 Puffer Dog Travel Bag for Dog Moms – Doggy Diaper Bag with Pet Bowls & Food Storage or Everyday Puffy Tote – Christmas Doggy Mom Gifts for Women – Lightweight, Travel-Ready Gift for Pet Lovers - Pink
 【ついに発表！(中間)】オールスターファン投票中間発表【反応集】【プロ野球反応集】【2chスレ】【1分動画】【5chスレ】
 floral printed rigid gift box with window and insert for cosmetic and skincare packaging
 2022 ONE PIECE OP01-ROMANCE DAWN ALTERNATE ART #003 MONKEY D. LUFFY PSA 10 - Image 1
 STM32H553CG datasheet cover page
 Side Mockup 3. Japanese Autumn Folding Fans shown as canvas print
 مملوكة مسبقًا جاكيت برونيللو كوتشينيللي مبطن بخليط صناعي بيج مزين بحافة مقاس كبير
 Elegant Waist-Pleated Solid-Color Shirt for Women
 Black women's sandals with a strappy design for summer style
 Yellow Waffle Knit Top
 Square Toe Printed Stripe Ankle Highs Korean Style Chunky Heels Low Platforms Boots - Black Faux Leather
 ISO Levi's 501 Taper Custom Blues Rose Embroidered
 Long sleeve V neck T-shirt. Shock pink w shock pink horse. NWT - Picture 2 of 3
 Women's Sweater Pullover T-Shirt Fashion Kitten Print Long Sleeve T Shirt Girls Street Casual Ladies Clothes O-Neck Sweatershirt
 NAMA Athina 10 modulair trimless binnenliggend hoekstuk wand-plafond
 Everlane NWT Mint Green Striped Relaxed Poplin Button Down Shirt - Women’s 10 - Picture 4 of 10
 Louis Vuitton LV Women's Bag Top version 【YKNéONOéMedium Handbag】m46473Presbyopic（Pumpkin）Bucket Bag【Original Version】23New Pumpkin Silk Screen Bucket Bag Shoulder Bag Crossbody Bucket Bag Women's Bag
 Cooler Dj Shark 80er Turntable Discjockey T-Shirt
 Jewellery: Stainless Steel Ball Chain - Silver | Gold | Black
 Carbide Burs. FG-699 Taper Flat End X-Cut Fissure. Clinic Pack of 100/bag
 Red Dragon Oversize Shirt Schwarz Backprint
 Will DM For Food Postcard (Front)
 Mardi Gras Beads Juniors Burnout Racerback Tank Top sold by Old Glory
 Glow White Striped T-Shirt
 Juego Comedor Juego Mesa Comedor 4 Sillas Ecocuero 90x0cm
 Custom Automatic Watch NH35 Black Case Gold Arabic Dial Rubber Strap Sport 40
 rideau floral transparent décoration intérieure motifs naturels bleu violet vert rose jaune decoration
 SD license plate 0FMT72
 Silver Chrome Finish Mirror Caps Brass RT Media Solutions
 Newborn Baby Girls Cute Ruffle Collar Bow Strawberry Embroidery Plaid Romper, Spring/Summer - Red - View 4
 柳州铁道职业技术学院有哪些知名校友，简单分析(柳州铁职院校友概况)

+-------+

=== Problem to work on ===
Reproduce the material verbatim, line by line.

=== Output for this exercise ===
 Puffer Dog Travel Bag for Dog Moms – Doggy Diaper Bag with Pet Bowls & Food Storage or Everyday Puffy Tote – Christmas Doggy Mom Gifts for Women – Lightweight, Travel-Ready Gift for Pet Lovers - Pink
 【ついに発表！(中間)】オールスターファン投票中間発表【反応集】【プロ野球反応集】【2chスレ】【1分動画】【5chスレ】
 floral printed rigid gift box with window and insert for cosmetic and skincare packaging
 2022 ONE PIECE OP01-ROMANCE DAWN ALTERNATE ART #003 MONKEY D. LUFFY PSA 10 - Image 1
 STM32H553CG datasheet cover page
 Side Mockup 3. Japanese Autumn Folding Fans shown as canvas print
 مملوكة مسبقًا جاكيت برونيللو كوتشينيللي مبطن بخليط صناعي بيج مزين بحافة مقاس كبير
 Elegant Waist-Pleated Solid-Color Shirt for Women
 Black women's sandals with a strappy design for summer style
 Yellow Waffle Knit Top
 Square Toe Printed Stripe Ankle Highs Korean Style Chunky Heels Low Platforms Boots - Black Faux Leather
 ISO Levi's 501 Taper Custom Blues Rose Embroidered
 Long sleeve V neck T-shirt. Shock pink w shock pink horse. NWT - Picture 2 of 3
 Women's Sweater Pullover T-Shirt Fashion Kitten Print Long Sleeve T Shirt Girls Street Casual Ladies Clothes O-Neck Sweatershirt
 NAMA Athina 10 modulair trimless binnenliggend hoekstuk wand-plafond
 Everlane NWT Mint Green Striped Relaxed Poplin Button Down Shirt - Women’s 10 - Picture 4 of 10
 Louis Vuitton LV Women's Bag Top version 【YKNéONOéMedium Handbag】m46473Presbyopic（Pumpkin）Bucket Bag【Original Version】23New Pumpkin Silk Screen Bucket Bag Shoulder Bag Crossbody Bucket Bag Women's Bag
 Cooler Dj Shark 80er Turntable Discjockey T-Shirt
 Jewellery: Stainless Steel Ball Chain - Silver | Gold | Black
 Carbide Burs. FG-699 Taper Flat End X-Cut Fissure. Clinic Pack of 100/bag
 Red Dragon Oversize Shirt Schwarz Backprint
 Will DM For Food Postcard (Front)
 Mardi Gras Beads Juniors Burnout Racerback Tank Top sold by Old Glory
 Glow White Striped T-Shirt
 Juego Comedor Juego Mesa Comedor 4 Sillas Ecocuero 90x0cm
 Custom Automatic Watch NH35 Black Case Gold Arabic Dial Rubber Strap Sport 40
 rideau floral transparent décoration intérieure motifs naturels bleu violet vert rose jaune decoration
 SD license plate 0FMT72
 Silver Chrome Finish Mirror Caps Brass RT Media Solutions
 Newborn Baby Girls Cute Ruffle Collar Bow Strawberry Embroidery Plaid Romper, Spring/Summer - Red - View 4
 柳州铁道职业技术学院有哪些知名校友，简单分析(柳州铁职院校友概况)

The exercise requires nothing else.